#### [WHAT TO DO]
I need the lines from the one containing "იმას, რაც ახლა" through the last line of the entries retyped exactly, with no pictures among them.

-------- DATA FOR REVIEW

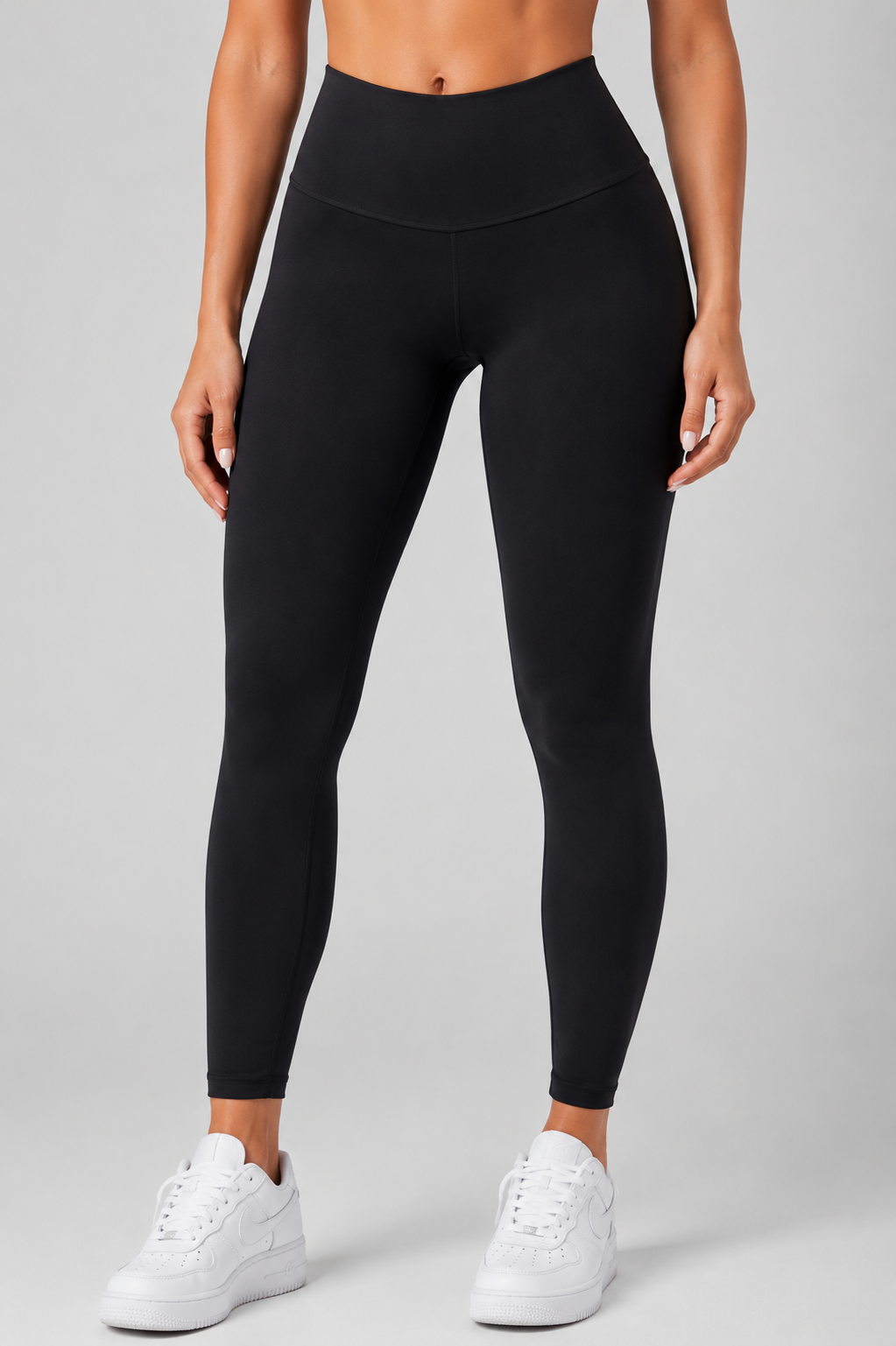 Pureflow legging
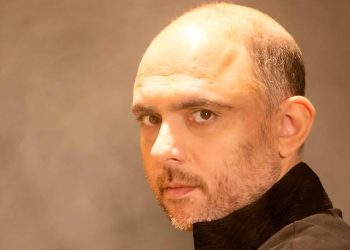 „ვგმობ იმას, რაც ახლა ჩვენს თავს ხდება“ – ნიკოლოზ რაჭველი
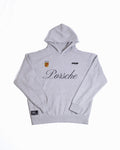 Porsche Hoodie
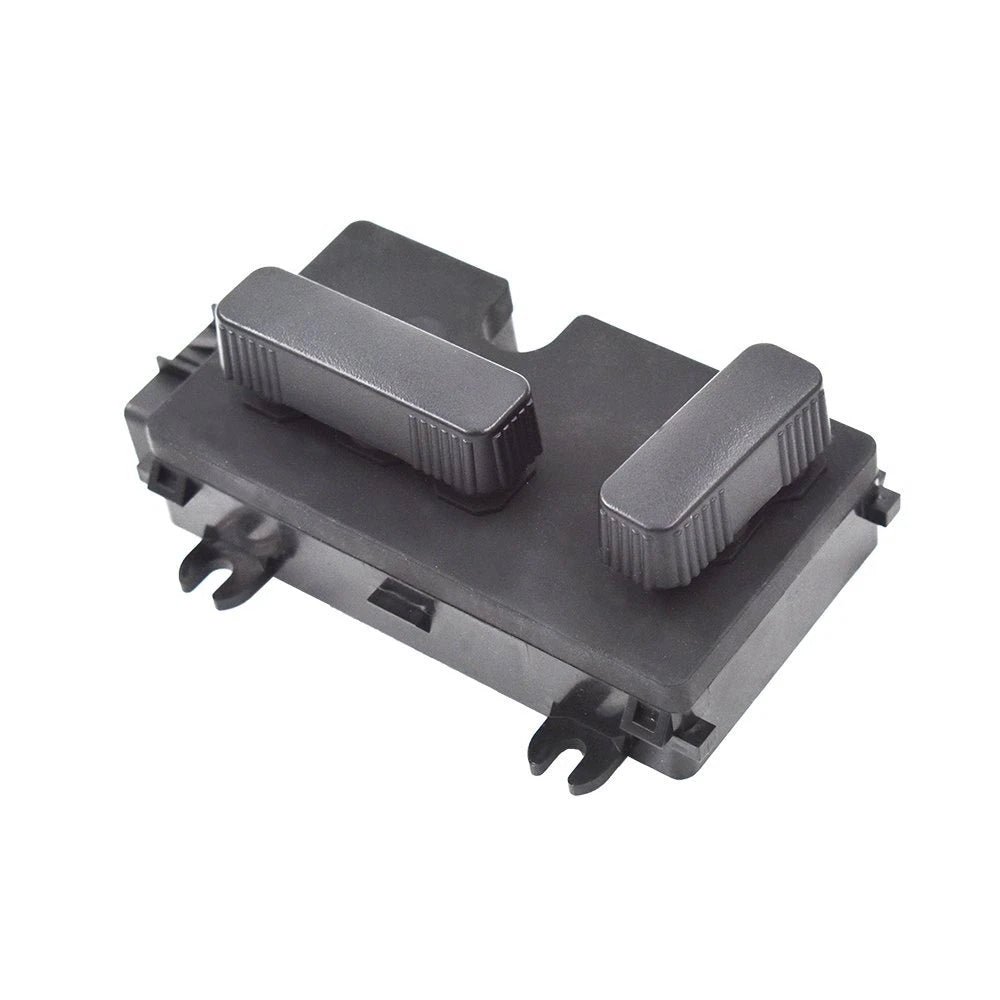 Power Seat Switch for Make Model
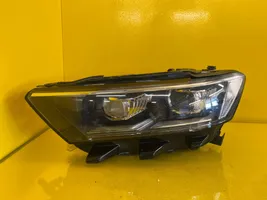 Volkswagen T-Roc Lampa przednia 2GA941035H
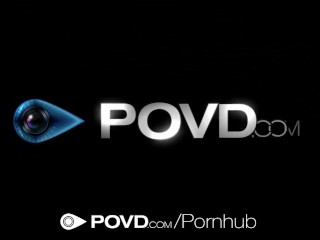 POVD - Pussy selfies keeps Sierra Nevadahs man hard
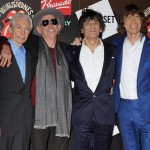 Mick+Jagger+Rolling+Stones+50+Private+View+8EoDu3jAMhOl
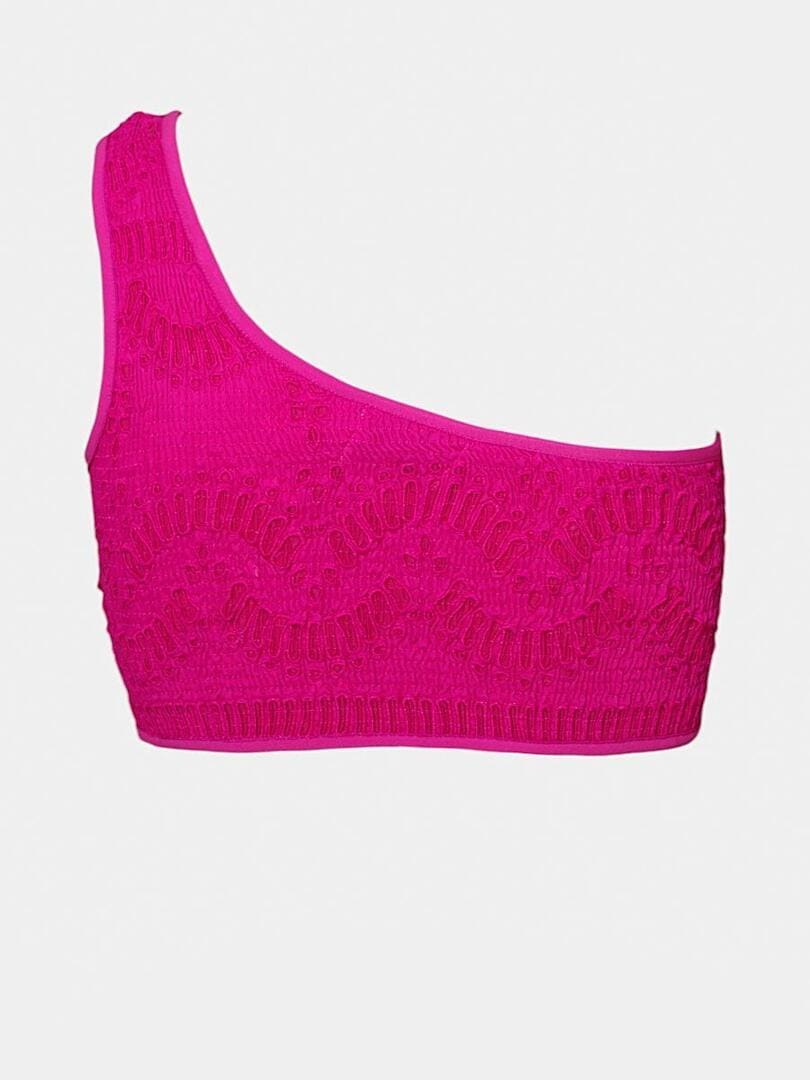 топ 160122 - фото 2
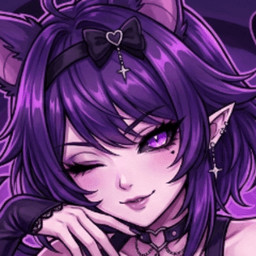 KurumiTatsuya avatar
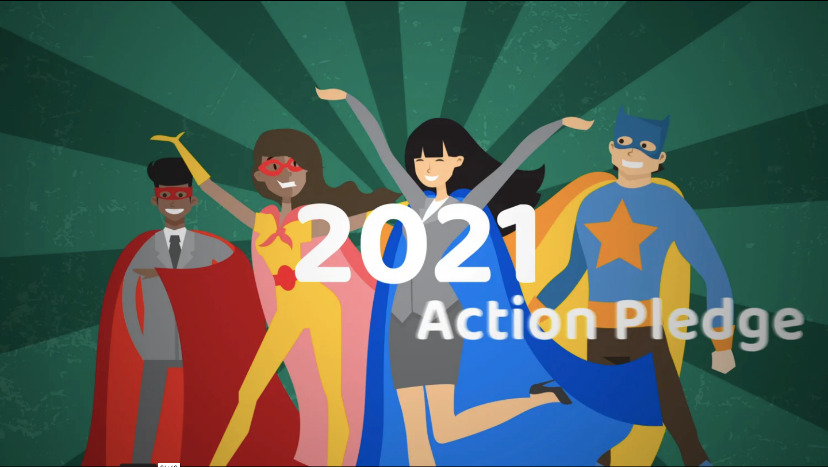 2021_action_pledge.png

----------------

#### [RESPONSE AREA]
 „ვგმობ იმას, რაც ახლა ჩვენს თავს ხდება“ – ნიკოლოზ რაჭველი
 Porsche Hoodie
 Power Seat Switch for Make Model
 Volkswagen T-Roc Lampa przednia 2GA941035H
 POVD - Pussy selfies keeps Sierra Nevadahs man hard
 Mick+Jagger+Rolling+Stones+50+Private+View+8EoDu3jAMhOl
 топ 160122 - фото 2
 KurumiTatsuya avatar
 2021_action_pledge.png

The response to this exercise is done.